* **Description of the task**:
For this exercise, write out the full listing that follows exactly and skip its pictures.

* **Data provided**:
▼▼▼
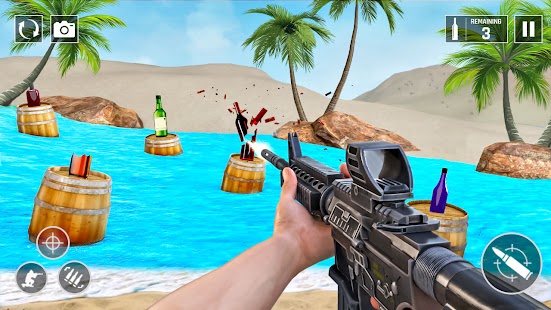 Offline Bottle Shooting Games Screenshot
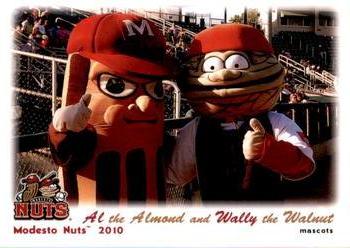 2010 Grandstand Modesto Nuts #NNO Al Almond / Wally Walnut Front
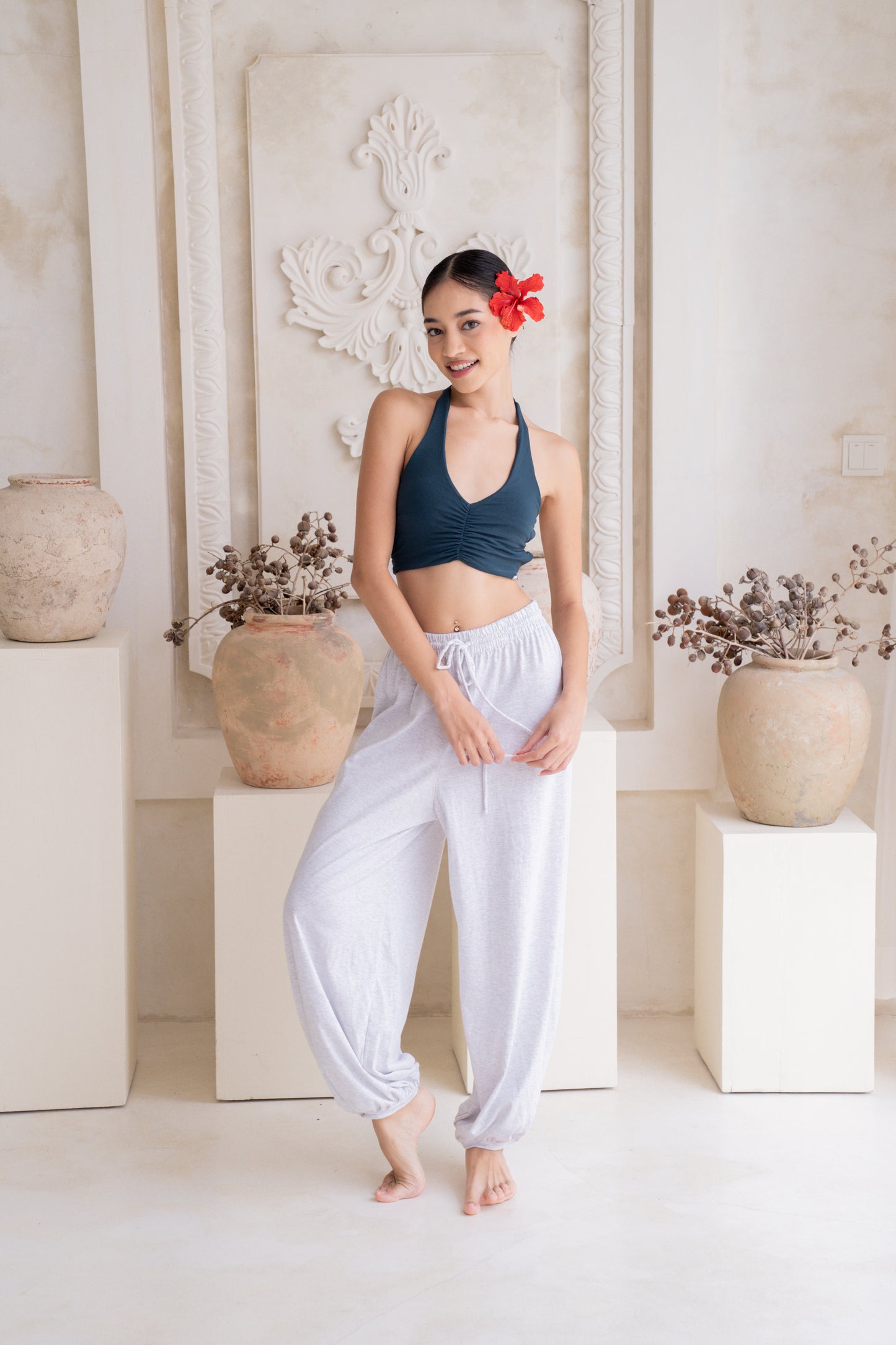 Soma Wide Joggers - Melange Gray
▲▲▲
* **Answer**:
 Offline Bottle Shooting Games Screenshot
 2010 Grandstand Modesto Nuts #NNO Al Almond / Wally Walnut Front
 Soma Wide Joggers - Melange Gray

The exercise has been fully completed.